##### Entries shown

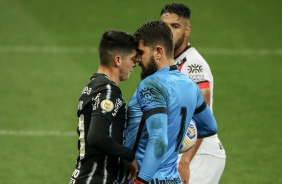 Ángelo Araos se estranhando durante partida entre Corinthians e Atlético-GO, pelo Brasileirão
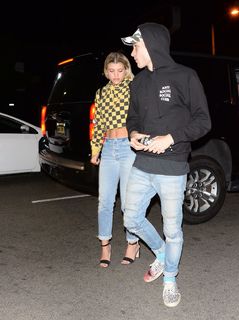 Sofia Richie feet photo thumbnail
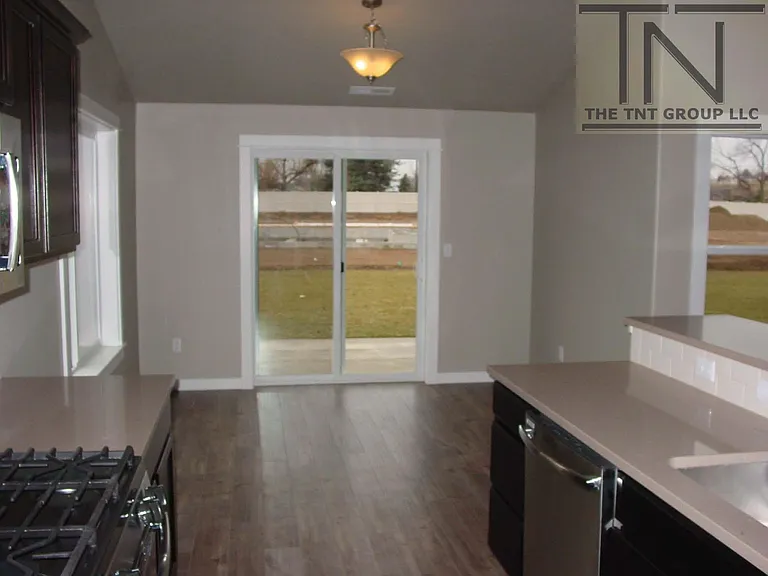 2111 E Daulby St — Photo 10
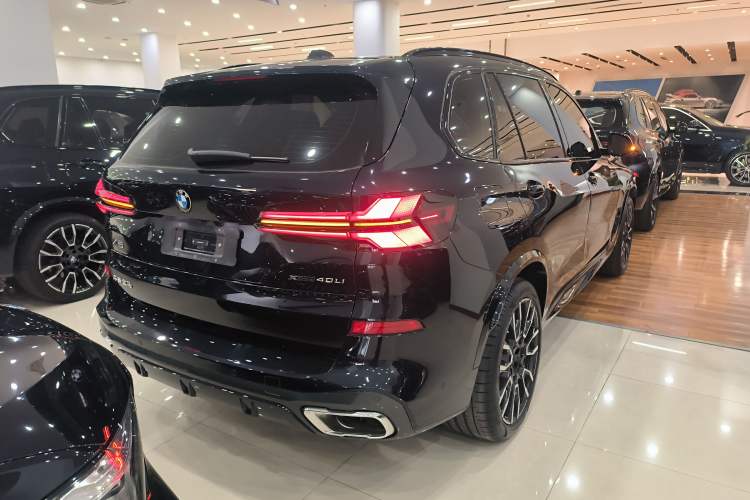Used BMW X5 2023 xDrive 40Li M Sport Night Edition Package Rear Right 45 Deg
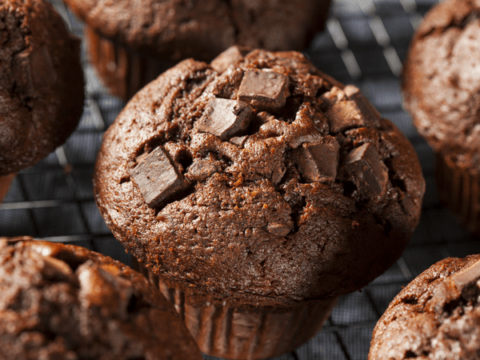 A good allergen free muffin recipe is a must in my home! This recipe for chocolate muffins is filled with wellness to get your day started and keep you going! www.themiflifemamas.com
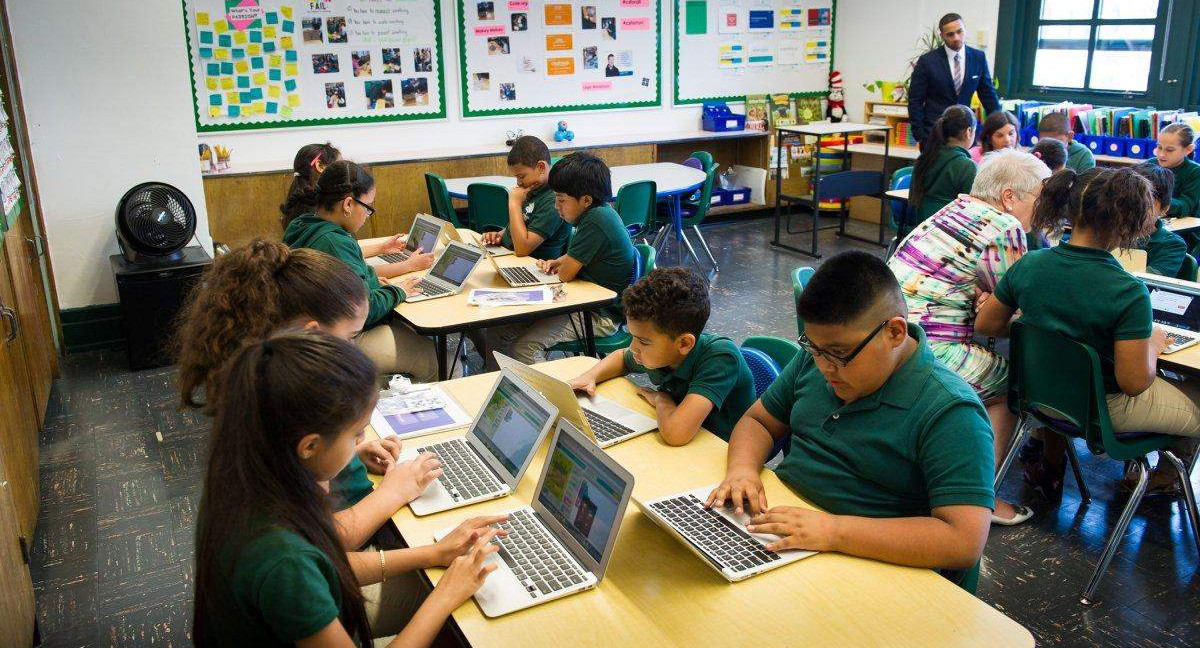 Мэр Нью-Йорка намерен отменить «расистский экзамен» в элитные школы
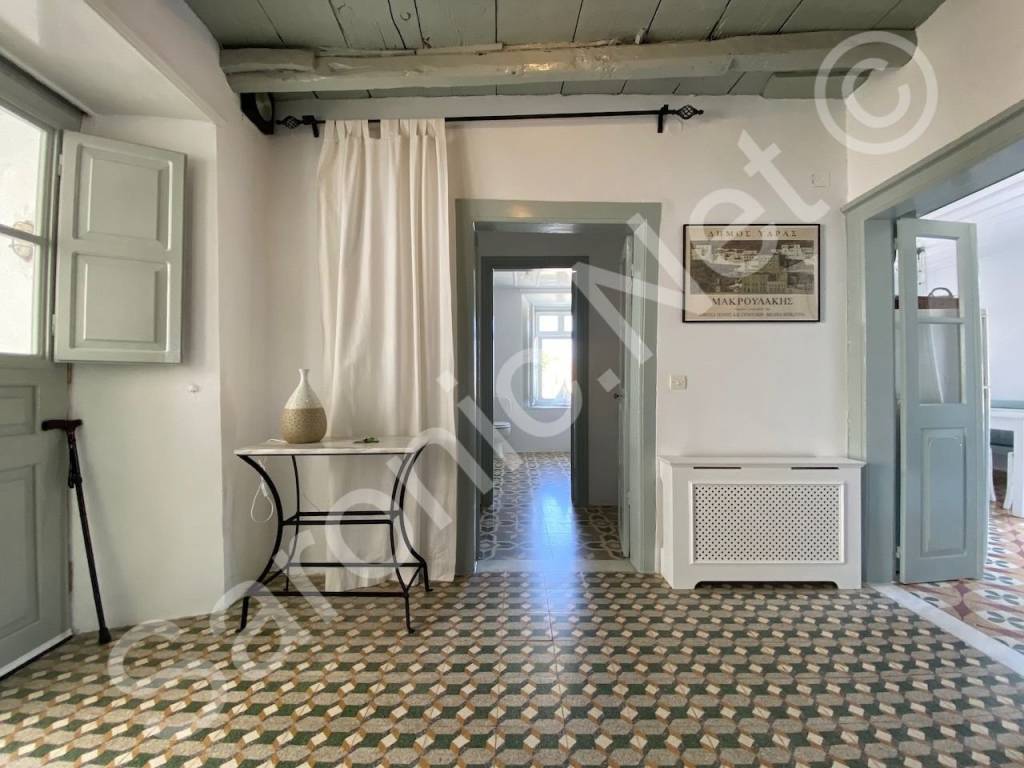 Entrance hall, through utility area to bathroom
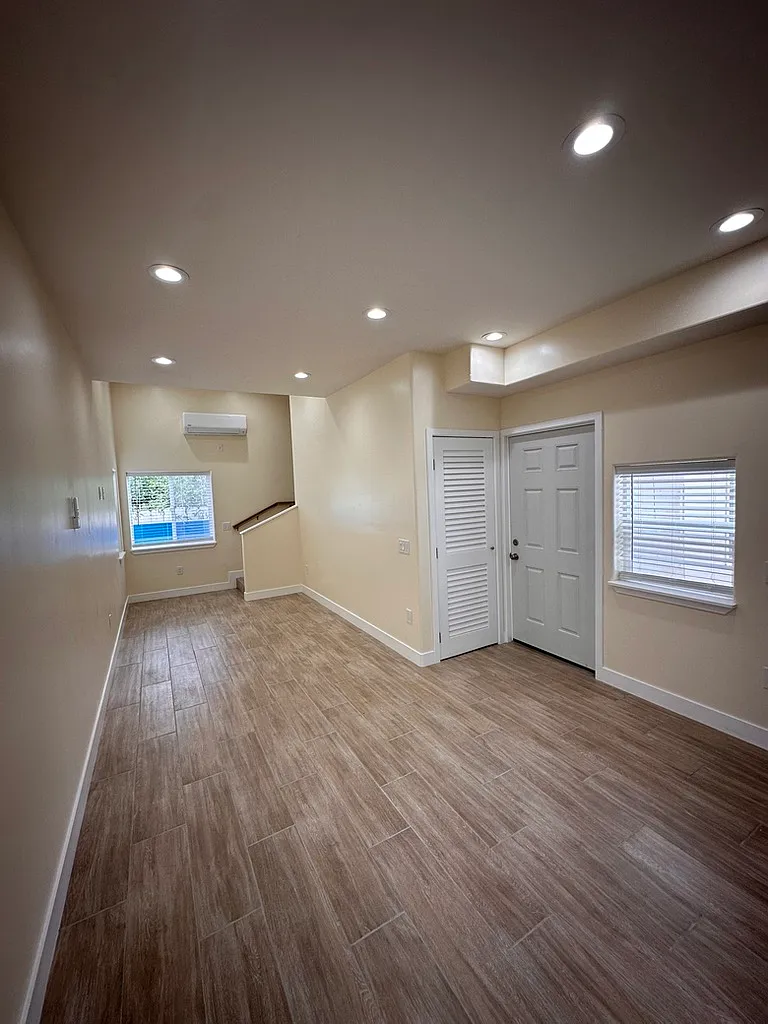 2 bed, 700 sqft, $3,000 — Photo 2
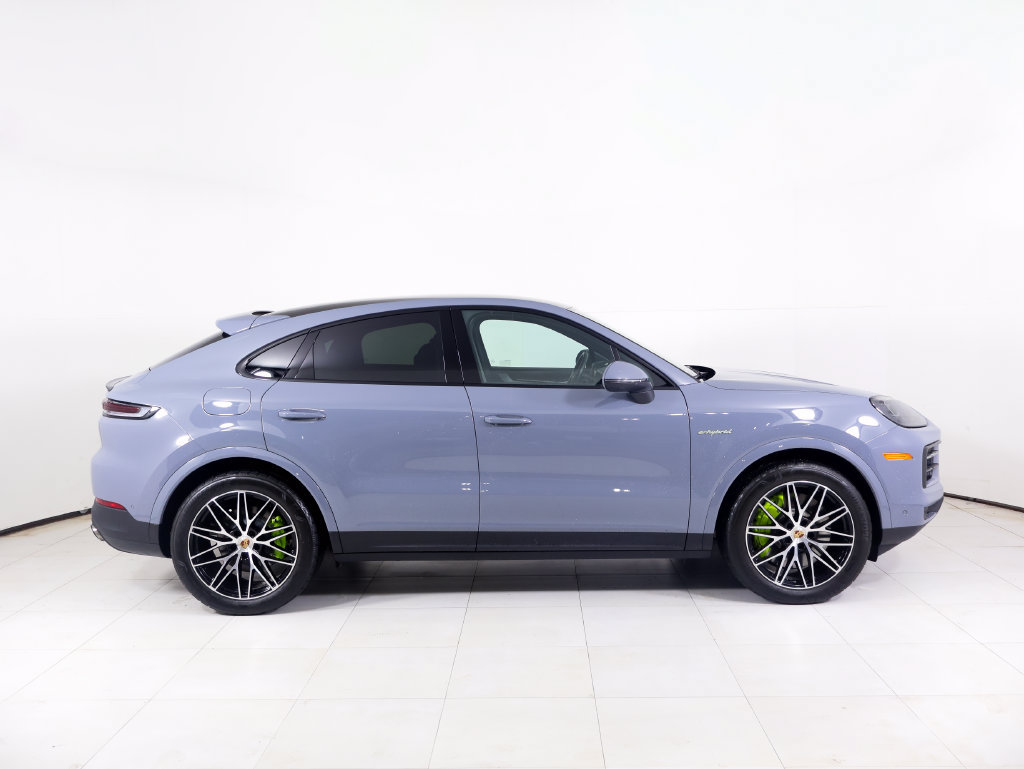 Certified 2026 Porsche Cayenne Coupe AWD/4WD image 34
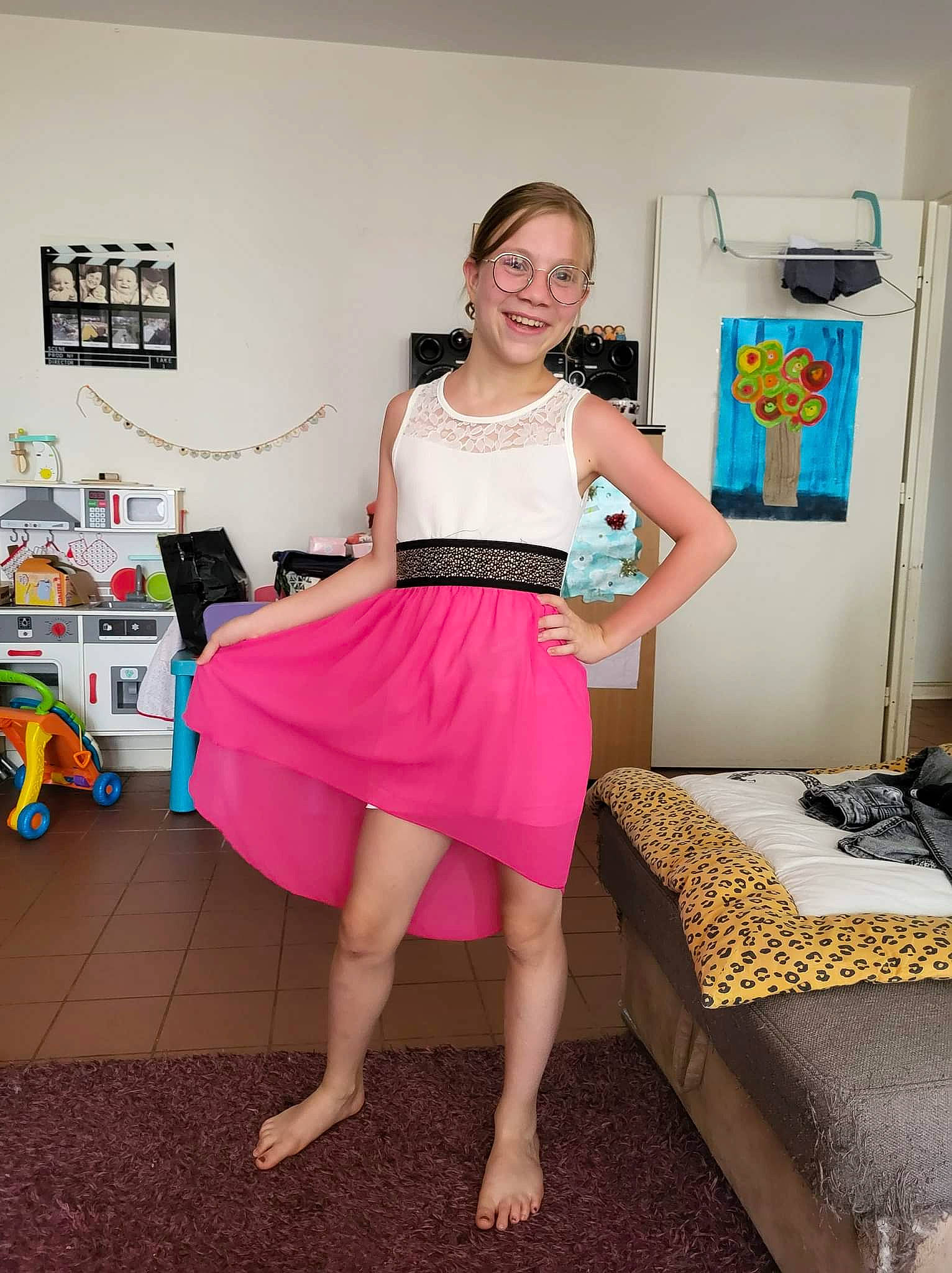 Anaïs a rejoint le concours — aidez-le/la à gagner de superbes lots ! abdomen, day_dress, dress, fashion_design, floor, flooring, happy, human_leg, joint, joy, knee, long_hair, one_piece_garment, person, picture_frame, shoulder, smile, standing, textile, thigh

##########

> _The task_
In the entries above, find the line with "2111 E Daulby St — Photo 10" and the line with "Entrance hall, through". Write out exactly those two lines and every line between them, pictures excluded.

> _Problem solution_
 2111 E Daulby St — Photo 10
Used BMW X5 2023 xDrive 40Li M Sport Night Edition Package Rear Right 45 Deg
 A good allergen free muffin recipe is a must in my home! This recipe for chocolate muffins is filled with wellness to get your day started and keep you going! www.themiflifemamas.com
 Мэр Нью-Йорка намерен отменить «расистский экзамен» в элитные школы
 Entrance hall, through utility area to bathroom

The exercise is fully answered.